Anybody with kids will tell you that they are housework multipliers. For people so small, how do they create so much laundry, so many dishes, so much clutter? As soon as I saw my two-year-old dropping blocks into a bucket, I started scheming to see how I could get her to do that with the rest of her toys. If you have similar daydreams of children dancing around the kitchen with mops, try these tips and strategies to help you enlist some junior help in your own home.
Break It Down
The secret to getting young children to take on tasks is to make them bite-sized. Maybe a 6-year-old can’t start the washing machine, but he can bring his hamper to the laundry room and put his folded clothes back in his drawer afterwards. Look at what needs to be done and break it into small, kid friendly jobs. Those minutes add up: if you give your two children 3 jobs, and each of those jobs taken ten minutes, you’ve just saved yourself an hour of work.
Lay It Out
Most parents will tell you that kids are not born cleaners. Their default environment is somewhere around pigsty. That’s why it’s important to clearly spell out what you expect and how you expect a chore to be done. “Make your bed, pick up your clothes, and put your toys in the bin,” is much easier for a 7-year-old to understand than just “clean your room.” Charts, written instructions, and even “after” photographs can all help your child get to the finish line with the job done correctly.
Give Them a Hand
There are a myriad of cleaning products available that can make kid-chores way easier and safer. Micro-fibre cleaning cloths are super for dusting and chemical-free cleaning. For kids old enough to clean bathrooms, disinfecting wipes get surfaces clean quickly with no spilled product. Vinegar is the all-purpose multi-cleaner and is non-toxic as well. A cluttered house is almost impossible to keep clean, so make it a cinch for kids to pick up after themselves by installing hooks for coats and bags, and low shelving in closets for boots and shoes. Smaller laundry baskets are easier for smaller folk to get up and down stairs, making it more likely that those clothes end up where they should be.
Done is the New Perfect
Lowering your standards a smidge goes a long way in gaining cooperation from kids. Remember—children will never learn if they don’t practice. Try to focus on the things they have done correctly first, and then add some “next time” improvement tips. The good news is that given the chance, your little helpers can become excellent housekeepers. Praise and rewards help grow their pride in a job well done. Use a homemade sticker chart, or check out online ones like My Job Chart or Childzilla. You can assign and track chores, and set up custom rewards.

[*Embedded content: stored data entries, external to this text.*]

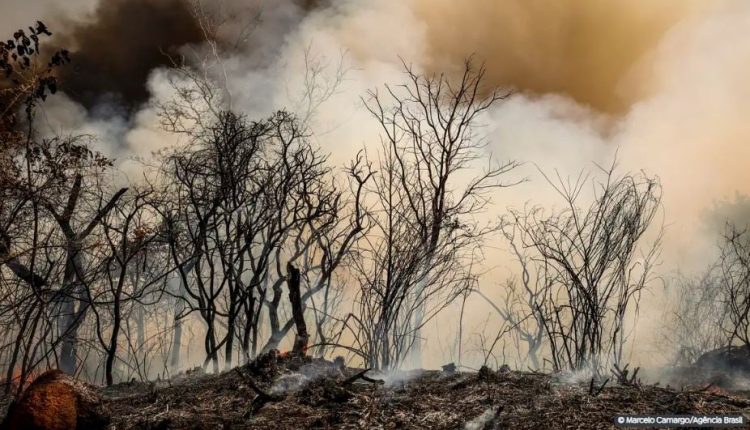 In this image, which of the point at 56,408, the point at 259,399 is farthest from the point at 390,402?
the point at 56,408

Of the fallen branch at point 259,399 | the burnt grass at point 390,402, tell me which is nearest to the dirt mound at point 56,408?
the burnt grass at point 390,402

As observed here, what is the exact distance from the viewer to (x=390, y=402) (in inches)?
149

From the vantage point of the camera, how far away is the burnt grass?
335 cm

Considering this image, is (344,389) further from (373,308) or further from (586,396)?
(373,308)

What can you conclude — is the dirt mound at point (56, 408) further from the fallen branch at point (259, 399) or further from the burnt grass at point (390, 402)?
the fallen branch at point (259, 399)

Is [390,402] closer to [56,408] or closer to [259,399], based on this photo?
[259,399]

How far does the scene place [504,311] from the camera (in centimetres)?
2080

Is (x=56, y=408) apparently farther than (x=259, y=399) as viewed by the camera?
No

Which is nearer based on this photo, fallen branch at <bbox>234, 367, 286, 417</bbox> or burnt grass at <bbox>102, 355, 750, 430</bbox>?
burnt grass at <bbox>102, 355, 750, 430</bbox>

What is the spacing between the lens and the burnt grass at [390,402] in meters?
3.35

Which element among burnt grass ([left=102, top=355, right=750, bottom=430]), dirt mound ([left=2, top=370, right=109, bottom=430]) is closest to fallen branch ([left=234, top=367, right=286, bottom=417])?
burnt grass ([left=102, top=355, right=750, bottom=430])

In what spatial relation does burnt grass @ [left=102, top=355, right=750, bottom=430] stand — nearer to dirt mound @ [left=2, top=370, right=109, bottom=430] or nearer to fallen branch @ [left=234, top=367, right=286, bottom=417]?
fallen branch @ [left=234, top=367, right=286, bottom=417]

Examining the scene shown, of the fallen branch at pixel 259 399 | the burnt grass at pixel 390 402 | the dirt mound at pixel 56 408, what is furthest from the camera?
the fallen branch at pixel 259 399

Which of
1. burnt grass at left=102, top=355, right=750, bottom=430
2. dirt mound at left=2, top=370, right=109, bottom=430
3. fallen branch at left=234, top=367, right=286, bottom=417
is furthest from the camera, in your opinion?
fallen branch at left=234, top=367, right=286, bottom=417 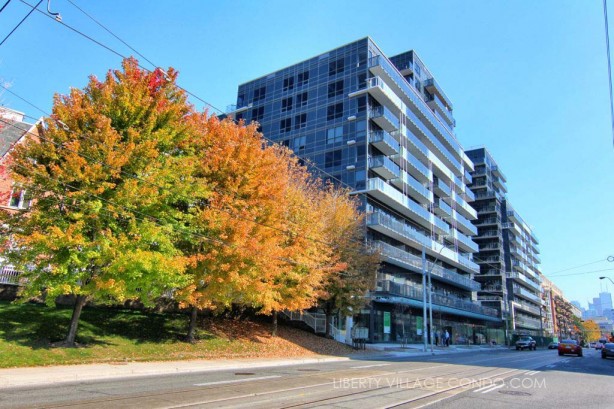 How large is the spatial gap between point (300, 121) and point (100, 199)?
36.9 metres

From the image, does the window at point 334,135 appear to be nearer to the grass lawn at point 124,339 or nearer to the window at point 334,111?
the window at point 334,111

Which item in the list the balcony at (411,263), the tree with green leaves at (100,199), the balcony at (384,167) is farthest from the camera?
the balcony at (384,167)


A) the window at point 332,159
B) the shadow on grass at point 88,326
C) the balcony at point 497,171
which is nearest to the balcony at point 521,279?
the balcony at point 497,171

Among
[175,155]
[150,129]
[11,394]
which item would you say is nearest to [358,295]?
[175,155]

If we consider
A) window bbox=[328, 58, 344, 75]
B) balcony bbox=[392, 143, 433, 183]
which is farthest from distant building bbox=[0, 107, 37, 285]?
balcony bbox=[392, 143, 433, 183]

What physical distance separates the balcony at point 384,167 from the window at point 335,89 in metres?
9.39

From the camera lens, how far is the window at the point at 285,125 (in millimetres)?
52159

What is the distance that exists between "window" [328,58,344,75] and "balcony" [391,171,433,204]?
14236 millimetres

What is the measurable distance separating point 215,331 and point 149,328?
4233 mm

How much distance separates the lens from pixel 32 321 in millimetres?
18344

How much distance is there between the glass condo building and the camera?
4462 centimetres

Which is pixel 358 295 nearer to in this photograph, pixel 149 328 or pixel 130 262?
pixel 149 328

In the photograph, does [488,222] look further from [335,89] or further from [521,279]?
[335,89]

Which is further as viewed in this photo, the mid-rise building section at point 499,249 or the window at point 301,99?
the mid-rise building section at point 499,249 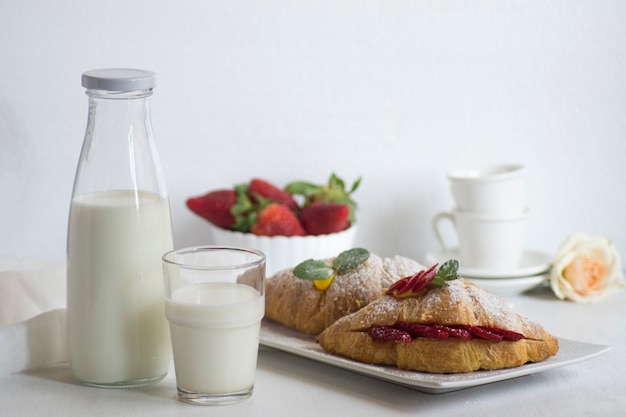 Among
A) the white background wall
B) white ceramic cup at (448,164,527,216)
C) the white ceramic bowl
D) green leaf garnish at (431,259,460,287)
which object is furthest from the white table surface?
the white background wall

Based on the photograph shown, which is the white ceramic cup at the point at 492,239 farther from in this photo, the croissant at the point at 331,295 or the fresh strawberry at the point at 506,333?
the fresh strawberry at the point at 506,333

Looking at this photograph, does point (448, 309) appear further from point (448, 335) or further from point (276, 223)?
point (276, 223)

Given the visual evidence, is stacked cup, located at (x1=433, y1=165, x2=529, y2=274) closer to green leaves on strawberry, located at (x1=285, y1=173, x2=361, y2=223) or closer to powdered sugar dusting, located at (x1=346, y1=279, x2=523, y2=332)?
→ green leaves on strawberry, located at (x1=285, y1=173, x2=361, y2=223)

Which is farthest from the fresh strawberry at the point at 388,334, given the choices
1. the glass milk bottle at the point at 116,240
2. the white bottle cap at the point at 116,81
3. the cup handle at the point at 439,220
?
the cup handle at the point at 439,220

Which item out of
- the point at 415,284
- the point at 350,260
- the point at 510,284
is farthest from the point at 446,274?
the point at 510,284

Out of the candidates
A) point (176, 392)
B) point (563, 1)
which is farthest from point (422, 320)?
point (563, 1)

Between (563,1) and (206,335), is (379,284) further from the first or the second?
(563,1) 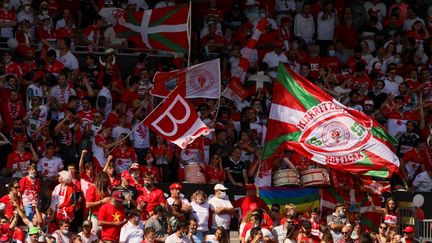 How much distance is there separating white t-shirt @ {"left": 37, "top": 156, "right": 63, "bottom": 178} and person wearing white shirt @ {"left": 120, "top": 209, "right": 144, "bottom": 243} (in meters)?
1.89

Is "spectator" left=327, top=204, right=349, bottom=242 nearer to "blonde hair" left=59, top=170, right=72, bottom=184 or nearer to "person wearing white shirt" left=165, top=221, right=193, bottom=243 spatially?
"person wearing white shirt" left=165, top=221, right=193, bottom=243

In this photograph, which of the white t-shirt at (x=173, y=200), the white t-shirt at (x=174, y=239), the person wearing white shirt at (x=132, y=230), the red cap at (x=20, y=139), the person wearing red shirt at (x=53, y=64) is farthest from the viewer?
the person wearing red shirt at (x=53, y=64)

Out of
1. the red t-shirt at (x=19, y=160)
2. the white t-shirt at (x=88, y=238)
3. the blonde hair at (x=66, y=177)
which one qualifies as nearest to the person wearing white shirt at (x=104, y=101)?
the red t-shirt at (x=19, y=160)

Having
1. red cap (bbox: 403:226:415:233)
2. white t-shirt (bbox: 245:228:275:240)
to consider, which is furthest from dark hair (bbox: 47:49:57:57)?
red cap (bbox: 403:226:415:233)

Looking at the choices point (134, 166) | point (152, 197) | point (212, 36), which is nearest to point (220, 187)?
point (152, 197)

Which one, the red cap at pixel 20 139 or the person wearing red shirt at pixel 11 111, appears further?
A: the person wearing red shirt at pixel 11 111

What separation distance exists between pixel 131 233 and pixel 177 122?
322cm

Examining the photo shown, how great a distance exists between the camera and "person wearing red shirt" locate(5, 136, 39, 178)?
29641 millimetres

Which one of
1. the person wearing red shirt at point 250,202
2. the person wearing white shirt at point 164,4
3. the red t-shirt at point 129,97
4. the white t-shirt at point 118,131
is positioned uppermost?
the person wearing white shirt at point 164,4

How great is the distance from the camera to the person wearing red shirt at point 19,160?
29.6 metres

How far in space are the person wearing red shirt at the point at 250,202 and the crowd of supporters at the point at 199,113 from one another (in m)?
0.05

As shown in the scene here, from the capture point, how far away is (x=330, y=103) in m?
31.0

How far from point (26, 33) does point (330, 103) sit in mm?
6440

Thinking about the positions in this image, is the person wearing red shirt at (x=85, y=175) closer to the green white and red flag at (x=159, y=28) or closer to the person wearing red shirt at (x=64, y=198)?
the person wearing red shirt at (x=64, y=198) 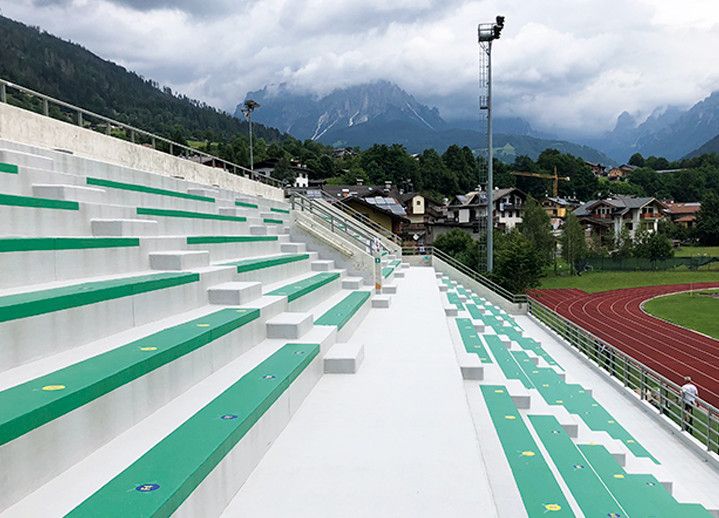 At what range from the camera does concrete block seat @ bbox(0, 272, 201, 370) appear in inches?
101

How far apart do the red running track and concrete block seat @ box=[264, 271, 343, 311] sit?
921 cm

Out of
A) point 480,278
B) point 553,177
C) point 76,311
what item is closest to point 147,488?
point 76,311

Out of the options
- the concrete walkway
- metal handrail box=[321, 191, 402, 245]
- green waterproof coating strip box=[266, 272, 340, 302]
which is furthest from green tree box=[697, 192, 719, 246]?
the concrete walkway

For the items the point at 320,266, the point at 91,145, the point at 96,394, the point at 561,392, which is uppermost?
the point at 91,145

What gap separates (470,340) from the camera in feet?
28.7

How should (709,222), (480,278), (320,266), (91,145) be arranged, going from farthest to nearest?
(709,222) → (480,278) → (320,266) → (91,145)

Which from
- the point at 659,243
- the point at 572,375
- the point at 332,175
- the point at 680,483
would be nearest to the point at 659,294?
the point at 659,243

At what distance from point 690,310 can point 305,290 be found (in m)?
25.7

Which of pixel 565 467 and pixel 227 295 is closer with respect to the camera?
pixel 565 467

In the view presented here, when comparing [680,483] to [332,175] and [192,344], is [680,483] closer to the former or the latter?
[192,344]

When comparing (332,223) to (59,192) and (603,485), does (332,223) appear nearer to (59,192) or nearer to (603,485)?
(59,192)

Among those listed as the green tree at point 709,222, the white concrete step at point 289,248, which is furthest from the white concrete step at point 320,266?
the green tree at point 709,222

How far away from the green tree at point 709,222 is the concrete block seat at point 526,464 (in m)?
68.7

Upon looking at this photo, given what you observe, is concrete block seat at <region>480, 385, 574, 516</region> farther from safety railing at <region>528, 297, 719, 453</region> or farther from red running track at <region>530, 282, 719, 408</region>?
red running track at <region>530, 282, 719, 408</region>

Unless you enjoy doing housework (hey, it’s possible!) get your kids to help out. Just a few jobs a day—feeding the family pet, putting away a basket of clothes, and tidying the front closet, for example—will free up hours a week for you to enjoy with your family, all while building valuable skills and self-esteem in your child. So start today with your little toy stacker. In a couple of years, you’ll be enjoying some downtime, while someone else folds the laundry for a change!